Published: 15 July 2010

Abstract

Background

Lysozymes are enzymes that lyse bacterial cell walls, an activity widely used for host defense but also modified in some instances for digestion. The biochemical and evolutionary changes between these different functional forms has been well-studied in the c-type lysozymes of vertebrates, but less so in the i-type lysozymes prevalent in most invertebrate animals. Some bivalve molluscs possess both defensive and digestive lysozymes.

Results

We report a third lysozyme from the oyster Crassostrea virginica, cv-lysozyme 3. The chemical properties of cv-lysozyme 3 (including molecular weight, isoelectric point, basic amino acid residue number, and predicted protease cutting sites) suggest it represents a transitional form between lysozymes used for digestion and immunity. The cv-lysozyme 3 protein inhibited the growth of bacteria (consistent with a defensive function), but semi-quantitative RT-PCR suggested the gene was expressed mainly in digestive glands. Purified cv-lysozyme 3 expressed maximum muramidase activity within a range of pH (7.0 and 8.0) and ionic strength (I = 0.005-0.01) unfavorable for either cv-lysozyme 1 or cv-lysozyme 2 activities.

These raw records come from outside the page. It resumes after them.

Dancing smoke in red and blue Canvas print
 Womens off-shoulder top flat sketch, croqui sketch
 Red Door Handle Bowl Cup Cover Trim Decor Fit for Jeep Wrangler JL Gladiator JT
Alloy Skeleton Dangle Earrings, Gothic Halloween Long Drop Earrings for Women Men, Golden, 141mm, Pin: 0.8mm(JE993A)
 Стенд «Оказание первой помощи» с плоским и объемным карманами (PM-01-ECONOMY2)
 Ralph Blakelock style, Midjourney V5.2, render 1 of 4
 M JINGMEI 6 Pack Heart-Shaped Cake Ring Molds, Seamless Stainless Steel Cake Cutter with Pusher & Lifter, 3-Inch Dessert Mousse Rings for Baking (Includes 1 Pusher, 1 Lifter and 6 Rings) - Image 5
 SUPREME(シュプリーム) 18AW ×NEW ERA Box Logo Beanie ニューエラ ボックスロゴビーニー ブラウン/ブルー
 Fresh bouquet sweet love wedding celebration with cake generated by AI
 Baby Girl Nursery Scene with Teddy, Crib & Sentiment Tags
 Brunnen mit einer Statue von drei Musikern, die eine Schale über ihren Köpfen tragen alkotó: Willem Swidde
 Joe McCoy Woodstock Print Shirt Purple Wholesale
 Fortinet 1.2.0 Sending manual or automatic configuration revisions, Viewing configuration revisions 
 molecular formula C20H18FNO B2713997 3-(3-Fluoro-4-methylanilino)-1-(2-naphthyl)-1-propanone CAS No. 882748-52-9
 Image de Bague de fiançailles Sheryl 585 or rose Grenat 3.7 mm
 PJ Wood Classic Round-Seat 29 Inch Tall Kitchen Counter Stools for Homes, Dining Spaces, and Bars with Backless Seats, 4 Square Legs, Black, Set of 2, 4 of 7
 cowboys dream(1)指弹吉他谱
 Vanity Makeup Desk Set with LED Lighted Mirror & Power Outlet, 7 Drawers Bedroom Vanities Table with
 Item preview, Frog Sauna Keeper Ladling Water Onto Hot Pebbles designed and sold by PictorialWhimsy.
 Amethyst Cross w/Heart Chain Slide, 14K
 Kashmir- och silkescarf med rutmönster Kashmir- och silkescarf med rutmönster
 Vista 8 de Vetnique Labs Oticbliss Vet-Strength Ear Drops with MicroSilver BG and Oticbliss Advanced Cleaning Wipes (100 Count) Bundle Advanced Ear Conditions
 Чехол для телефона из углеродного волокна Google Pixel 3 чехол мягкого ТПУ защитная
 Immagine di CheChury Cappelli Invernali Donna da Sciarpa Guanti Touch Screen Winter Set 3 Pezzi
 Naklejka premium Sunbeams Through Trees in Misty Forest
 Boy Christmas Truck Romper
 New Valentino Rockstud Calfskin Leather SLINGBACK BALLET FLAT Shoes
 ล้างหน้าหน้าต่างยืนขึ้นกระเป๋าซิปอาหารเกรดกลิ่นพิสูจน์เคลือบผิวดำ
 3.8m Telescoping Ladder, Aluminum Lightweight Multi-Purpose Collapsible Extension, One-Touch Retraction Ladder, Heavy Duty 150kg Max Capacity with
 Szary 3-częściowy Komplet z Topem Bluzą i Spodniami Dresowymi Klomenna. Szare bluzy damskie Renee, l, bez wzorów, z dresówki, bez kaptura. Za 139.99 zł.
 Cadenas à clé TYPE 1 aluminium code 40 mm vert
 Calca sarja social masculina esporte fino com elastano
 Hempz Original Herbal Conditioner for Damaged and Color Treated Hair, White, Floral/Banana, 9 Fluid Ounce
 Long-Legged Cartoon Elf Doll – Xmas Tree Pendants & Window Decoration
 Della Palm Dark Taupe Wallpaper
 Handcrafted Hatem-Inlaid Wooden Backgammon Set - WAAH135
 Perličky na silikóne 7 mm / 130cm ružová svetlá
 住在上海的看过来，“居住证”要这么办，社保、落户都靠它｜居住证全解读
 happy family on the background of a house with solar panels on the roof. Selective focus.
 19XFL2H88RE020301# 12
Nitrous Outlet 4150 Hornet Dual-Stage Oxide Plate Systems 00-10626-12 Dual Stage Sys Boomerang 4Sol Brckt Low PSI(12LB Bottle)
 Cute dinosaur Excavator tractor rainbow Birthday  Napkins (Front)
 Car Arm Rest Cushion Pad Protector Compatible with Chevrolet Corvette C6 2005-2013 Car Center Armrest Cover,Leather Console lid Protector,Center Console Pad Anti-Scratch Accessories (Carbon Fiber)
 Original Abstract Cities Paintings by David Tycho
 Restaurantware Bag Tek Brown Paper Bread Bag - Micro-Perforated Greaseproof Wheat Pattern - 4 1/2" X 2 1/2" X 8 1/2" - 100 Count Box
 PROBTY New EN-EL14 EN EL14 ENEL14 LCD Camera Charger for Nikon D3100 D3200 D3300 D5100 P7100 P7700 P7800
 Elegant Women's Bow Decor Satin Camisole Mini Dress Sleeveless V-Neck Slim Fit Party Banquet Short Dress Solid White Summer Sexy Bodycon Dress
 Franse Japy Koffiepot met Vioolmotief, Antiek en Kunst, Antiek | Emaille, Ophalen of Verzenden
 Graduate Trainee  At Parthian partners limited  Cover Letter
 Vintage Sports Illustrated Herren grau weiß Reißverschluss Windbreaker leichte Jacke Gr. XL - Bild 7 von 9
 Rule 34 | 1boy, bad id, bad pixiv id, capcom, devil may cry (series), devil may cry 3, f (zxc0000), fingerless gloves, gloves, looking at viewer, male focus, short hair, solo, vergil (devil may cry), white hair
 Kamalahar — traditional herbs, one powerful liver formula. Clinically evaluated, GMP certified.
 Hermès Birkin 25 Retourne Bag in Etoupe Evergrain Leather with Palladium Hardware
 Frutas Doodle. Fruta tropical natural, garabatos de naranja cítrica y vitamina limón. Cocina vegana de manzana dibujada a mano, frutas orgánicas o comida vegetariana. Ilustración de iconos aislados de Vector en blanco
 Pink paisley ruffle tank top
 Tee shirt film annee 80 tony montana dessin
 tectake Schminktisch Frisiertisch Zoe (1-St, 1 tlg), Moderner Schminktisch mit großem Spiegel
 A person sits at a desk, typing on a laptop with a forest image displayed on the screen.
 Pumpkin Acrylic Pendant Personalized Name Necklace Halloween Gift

The topology of a phylogenetic analysis of cv-lysozyme 3 cDNA (full length 663 bp, encoding an open reading frame of 187 amino acids) is also consistent with a transitional condition, as cv-lysozyme 3 falls at the base of a monophyletic clade of bivalve lysozymes identified from digestive glands. Rates of nonsynonymous substitution are significantly high at the base of this clade, consistent with an episode of positive selection associated with the functional transition from defense to digestion.

Conclusion

The pattern of molecular evolution accompanying the shift from defensive to digestive function in the i-type lysozymes of bivalves parallels those seen for c-type lysozymes in mammals and suggests that the lysozyme paralogs that enhance the range of physiological conditions for lysozyme activity may provide stepping stones between defensive and digestive forms.